■ **EXERCISE OBJECTIVE**:
Each line from the one with "Set of 4 vintage modular easy chairs" through the final line of the entries below must be printed exactly, and the pictures must not be.

......

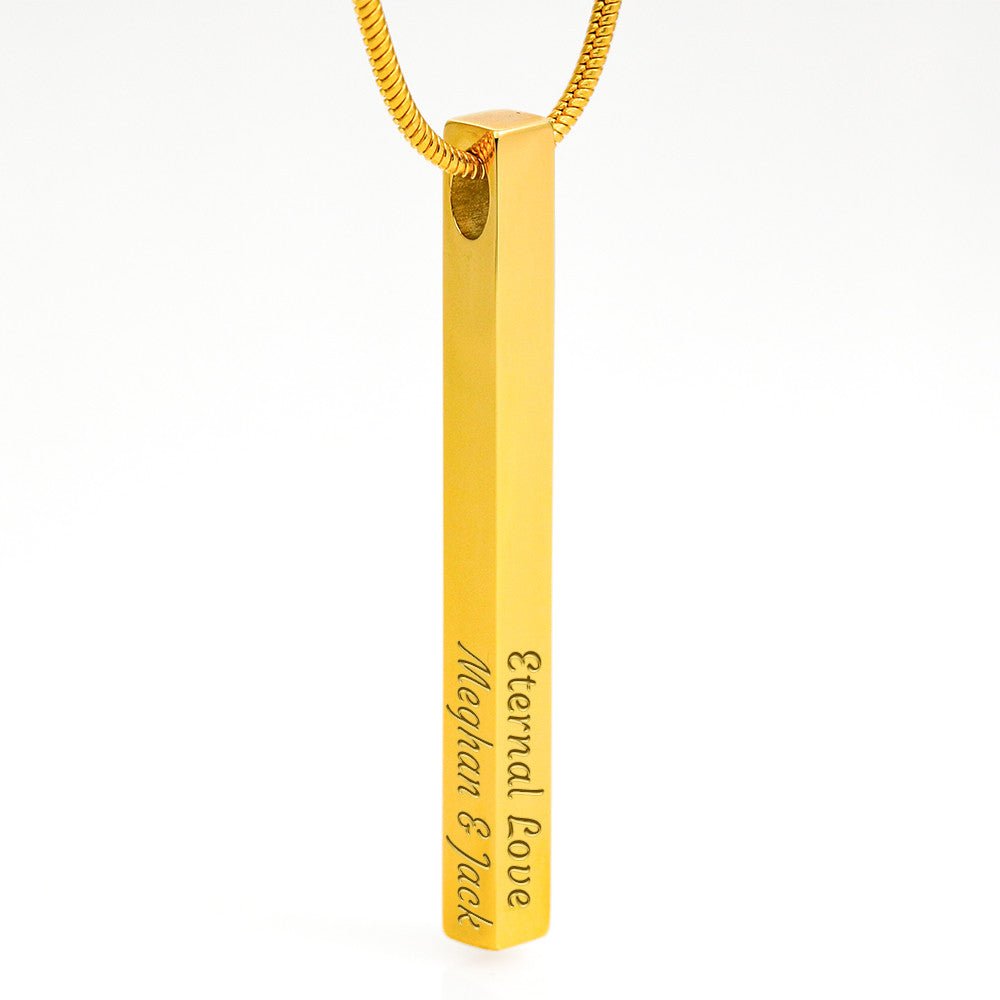 4 Sided Stick Christian Necklace - Engraved (REDEEMED BY GRACE, CALLED BY NAME +2)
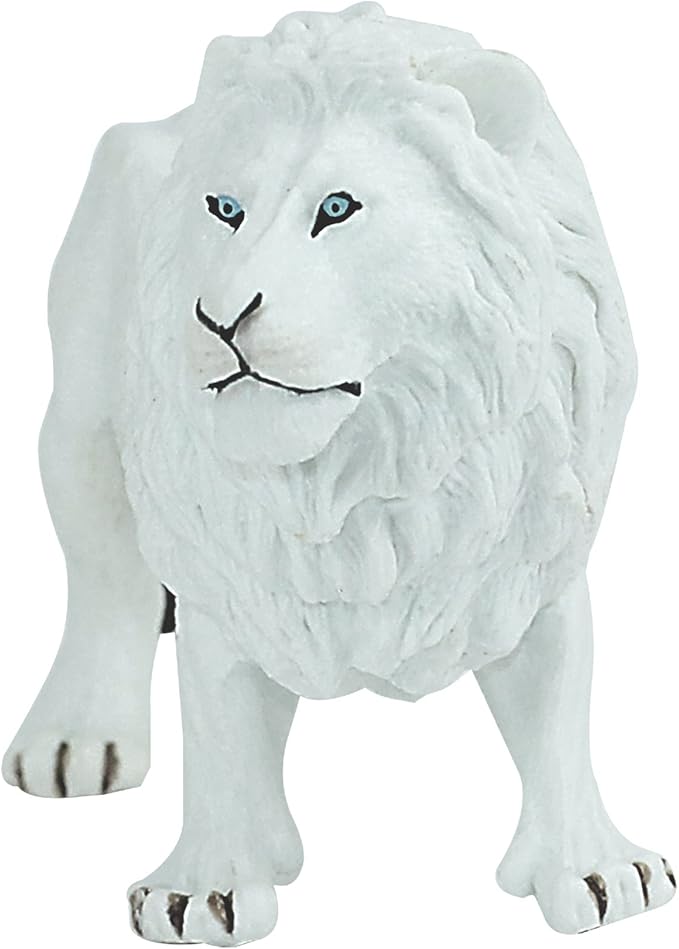 FUNSHOWCASE African Jungle Animals Male White Lion Toy Figure Realistic Plastic Figurine Height 3.1-inch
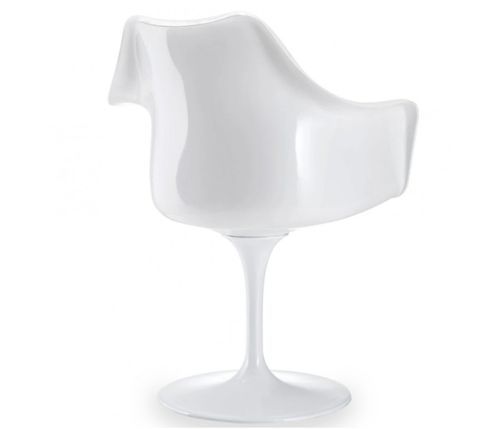 Fauteuil Tulipo pivotant blanc brillant avec coussin - Design haut de gamme - Photo n°3; ?>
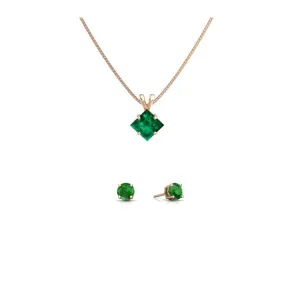 18K Rose Gold 1ct Emerald Princess Cut 18 Inch Necklace and Round Earrings Set Plated
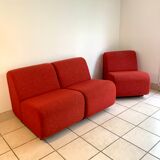 Set of 4 vintage modular easy chairs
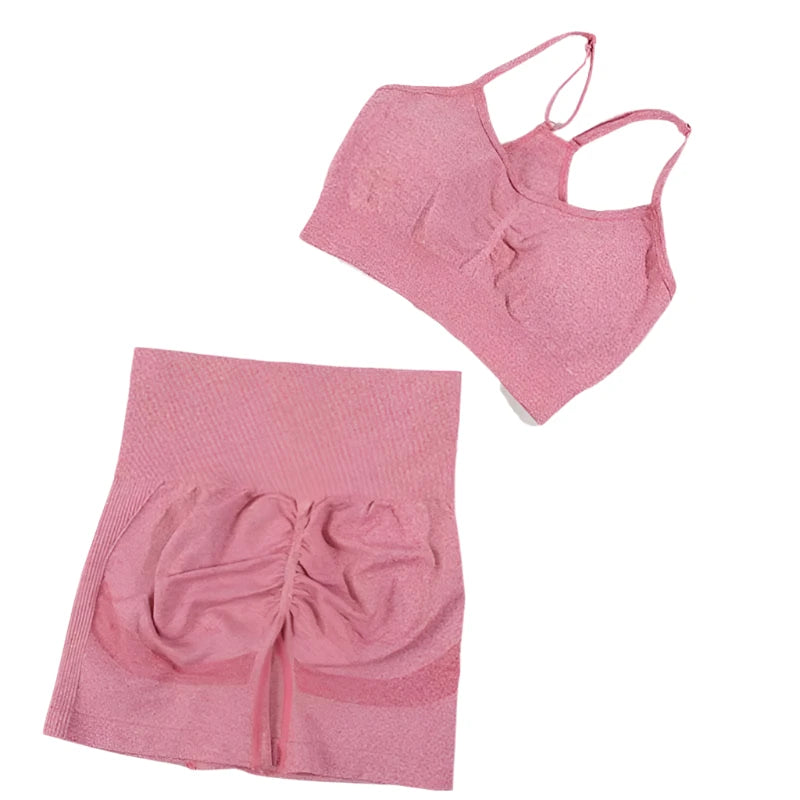 Womens  2PCS Yoga Set Gym bra + Yoga Shorts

......

■ **RESPONSE AREA**:
 Set of 4 vintage modular easy chairs
 Womens  2PCS Yoga Set Gym bra + Yoga Shorts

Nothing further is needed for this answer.